## TASK ITEM
Write again exactly the lines in the listing below, starting at the line with "101 10000 Prime: 1204 Perfect: 2" and ending at the line with "Rose Pink &", both included. Pictures are not copied.

## RECORDS PROVIDED
-- Opening Marker --
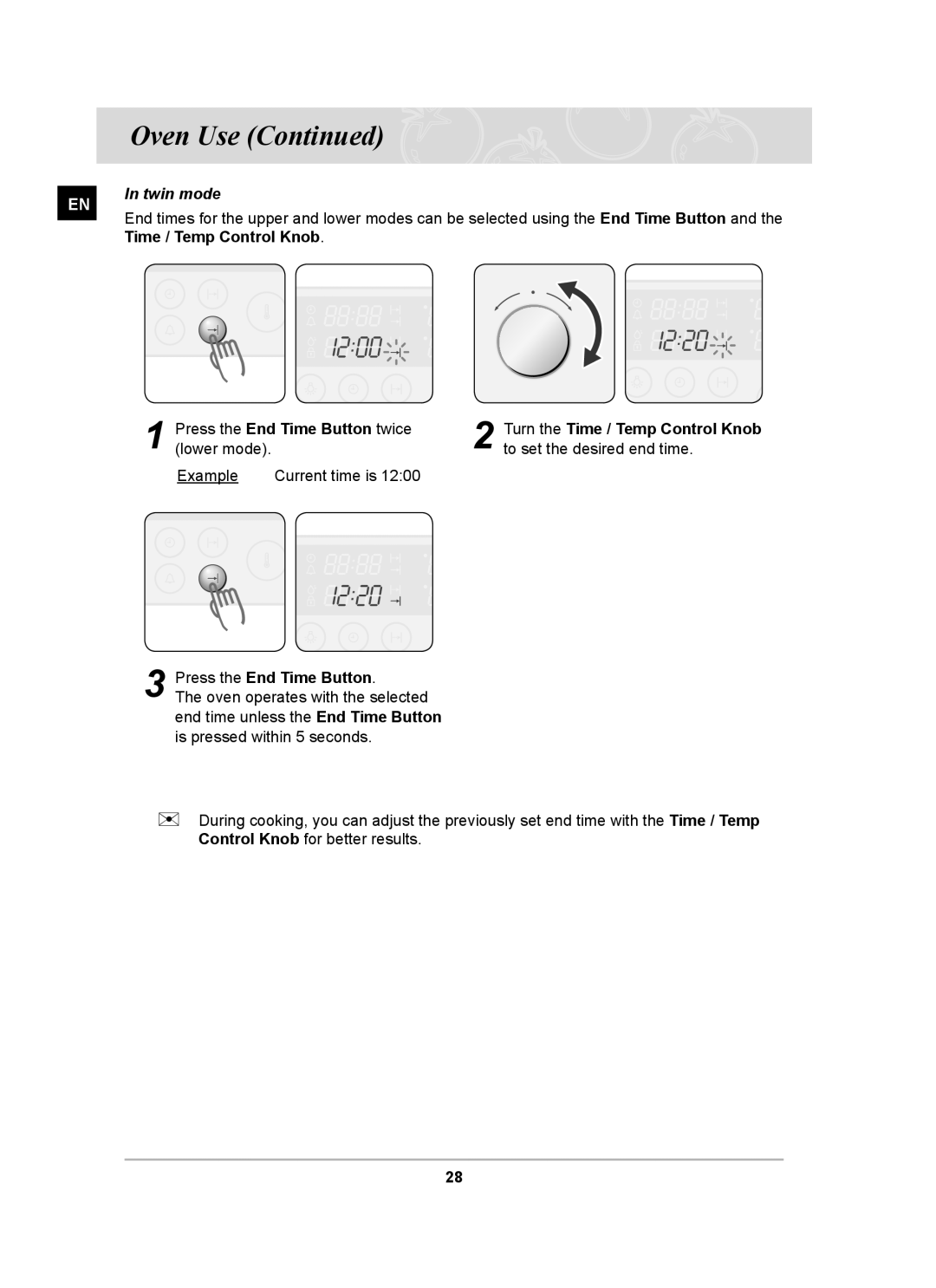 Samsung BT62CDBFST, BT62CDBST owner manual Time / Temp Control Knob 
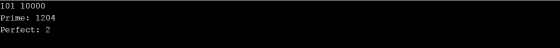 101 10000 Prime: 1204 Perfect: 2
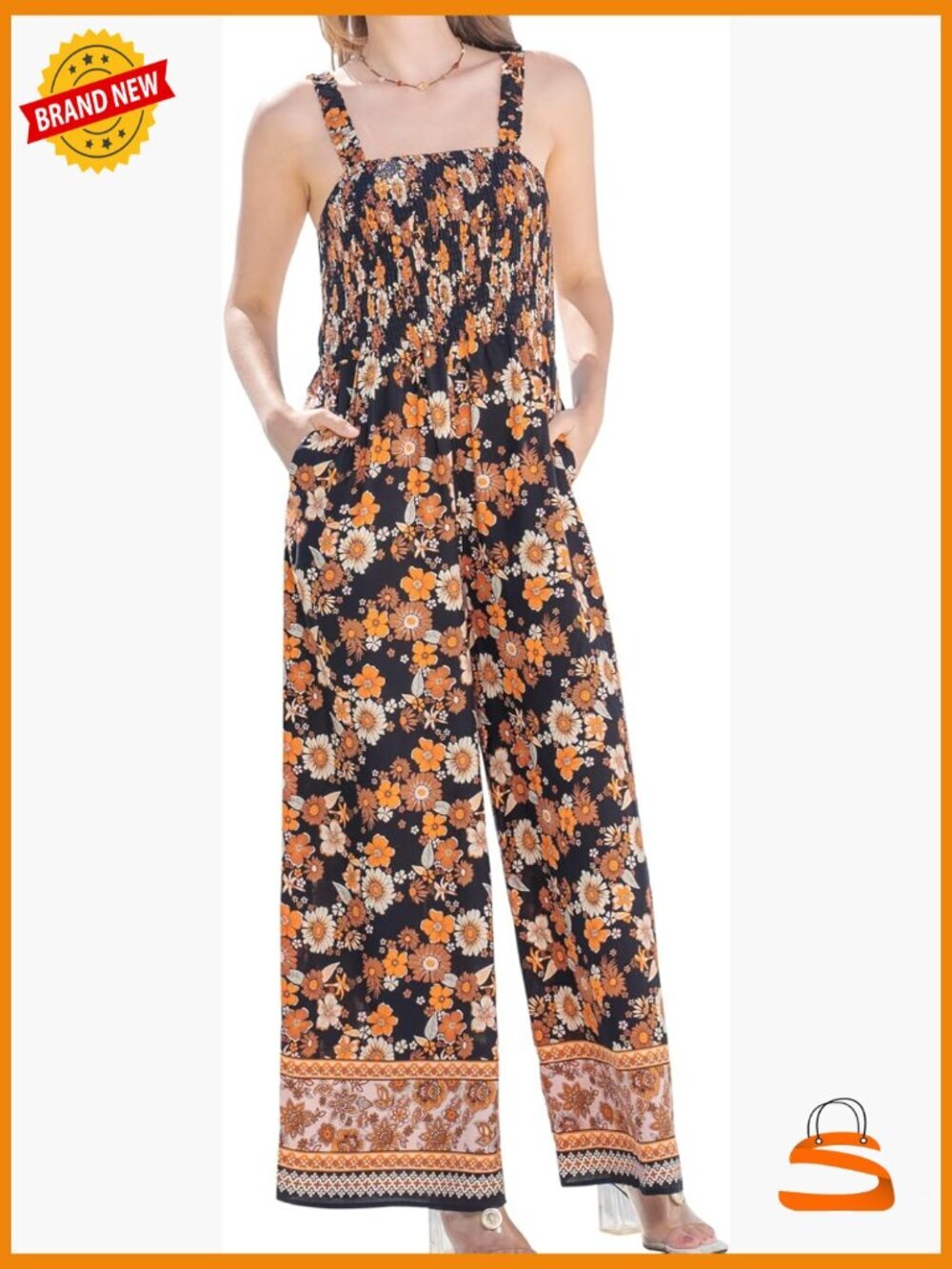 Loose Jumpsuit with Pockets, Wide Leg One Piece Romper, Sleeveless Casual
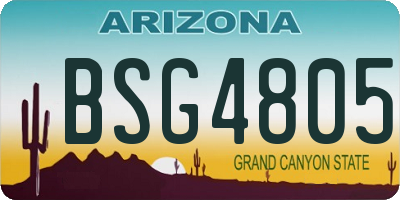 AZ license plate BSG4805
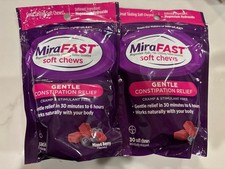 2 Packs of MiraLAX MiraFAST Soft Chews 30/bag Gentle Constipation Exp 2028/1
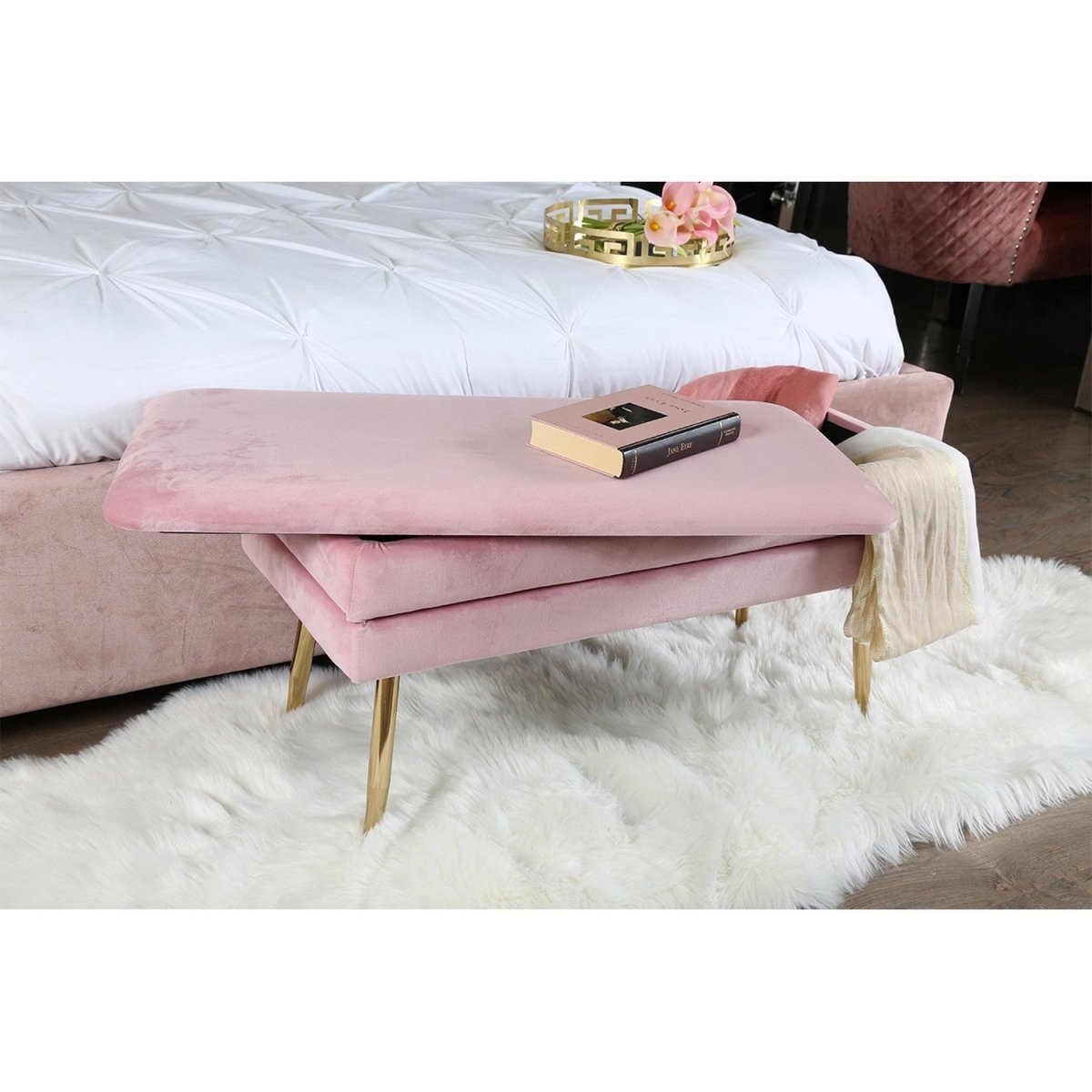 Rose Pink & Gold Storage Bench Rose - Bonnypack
-- Closing Marker --
-- Opening Marker --
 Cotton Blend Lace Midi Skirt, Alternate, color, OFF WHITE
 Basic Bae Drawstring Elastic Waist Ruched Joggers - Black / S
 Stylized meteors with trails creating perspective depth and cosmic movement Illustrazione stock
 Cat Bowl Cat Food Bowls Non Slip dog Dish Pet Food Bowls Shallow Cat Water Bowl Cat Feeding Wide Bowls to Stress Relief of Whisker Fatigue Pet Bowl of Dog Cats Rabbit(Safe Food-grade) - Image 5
-- Closing Marker --
-- Opening Marker --
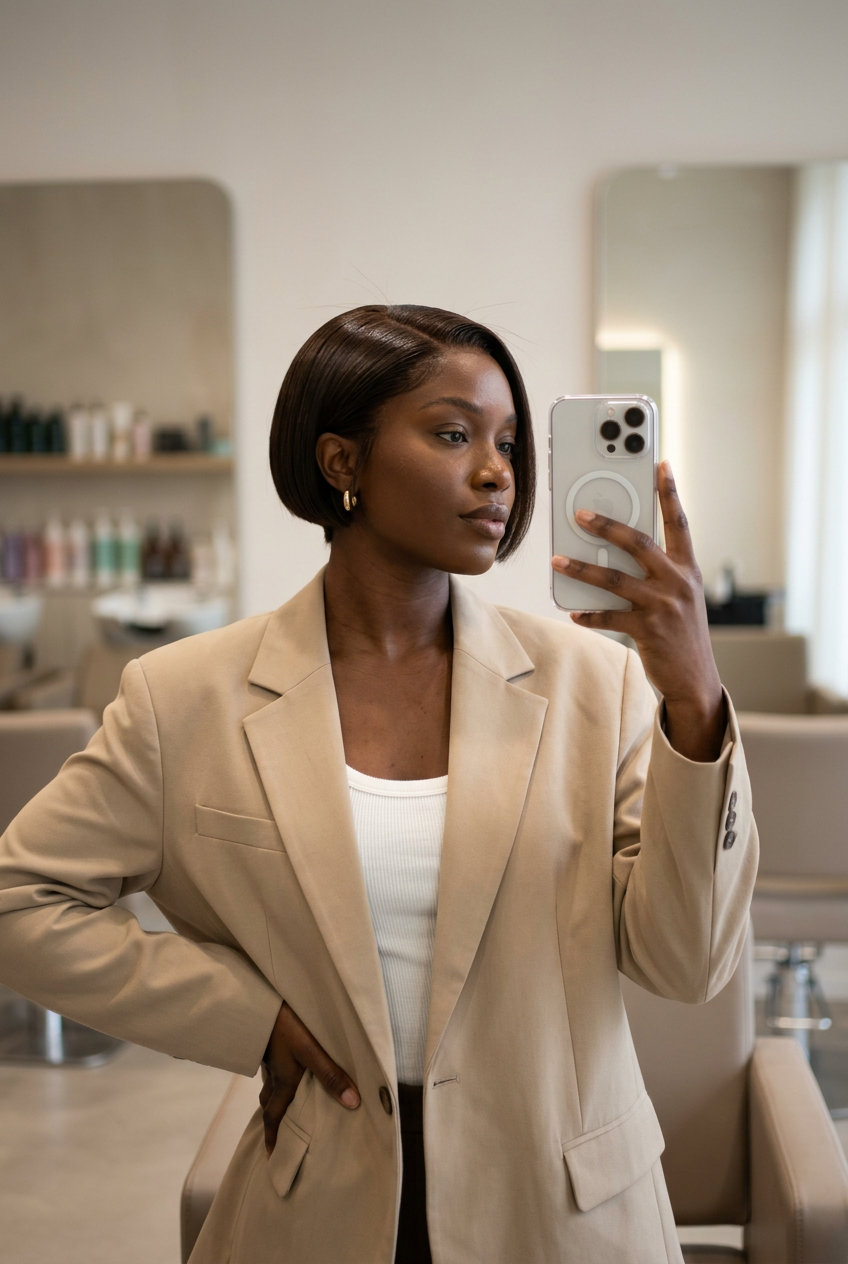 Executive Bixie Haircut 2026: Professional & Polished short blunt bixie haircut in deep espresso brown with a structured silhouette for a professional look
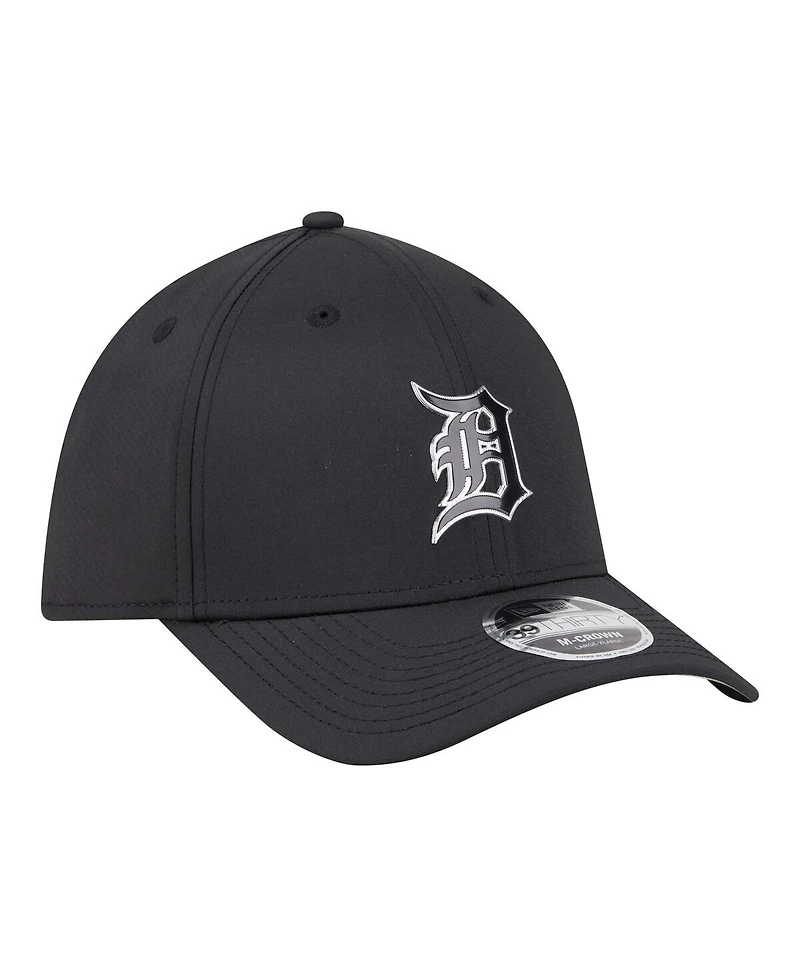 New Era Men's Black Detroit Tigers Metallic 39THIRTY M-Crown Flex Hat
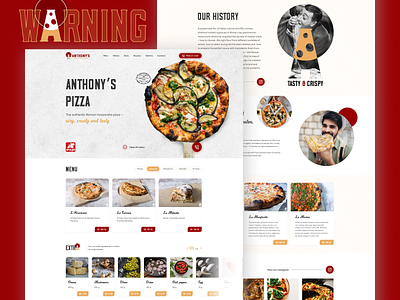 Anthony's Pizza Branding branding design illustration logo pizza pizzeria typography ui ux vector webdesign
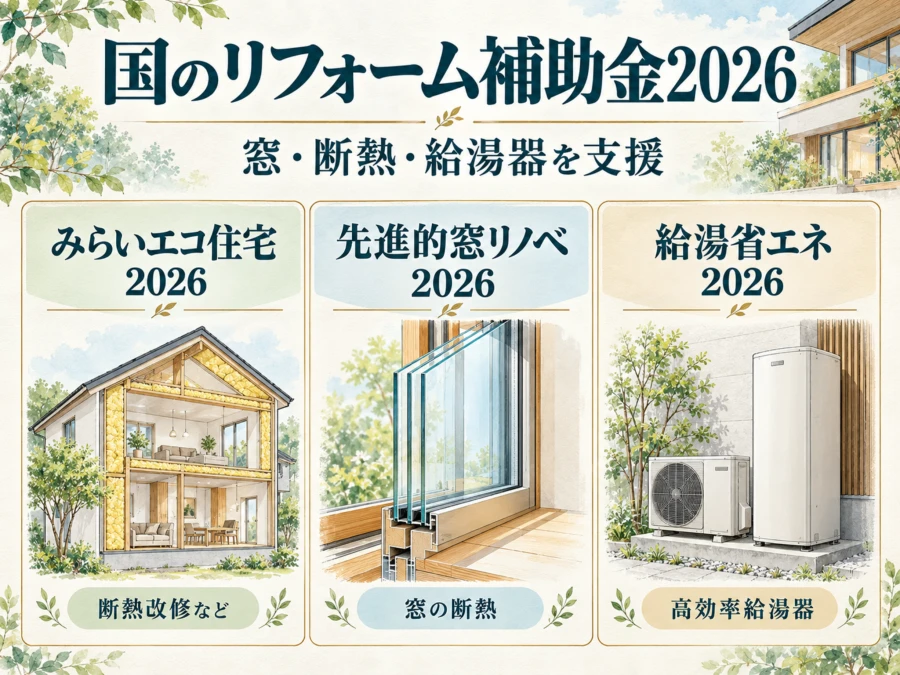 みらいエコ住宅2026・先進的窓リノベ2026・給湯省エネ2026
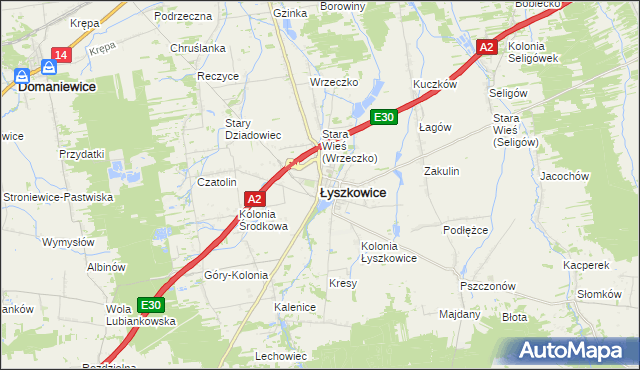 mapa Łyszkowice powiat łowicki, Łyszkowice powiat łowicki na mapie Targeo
-- Closing Marker --
## ANSWER TO THIS TASK
 101 10000 Prime: 1204 Perfect: 2
 Loose Jumpsuit with Pockets, Wide Leg One Piece Romper, Sleeveless Casual
 AZ license plate BSG4805
 2 Packs of MiraLAX MiraFAST Soft Chews 30/bag Gentle Constipation Exp 2028/1
 Rose Pink & Gold Storage Bench Rose - Bonnypack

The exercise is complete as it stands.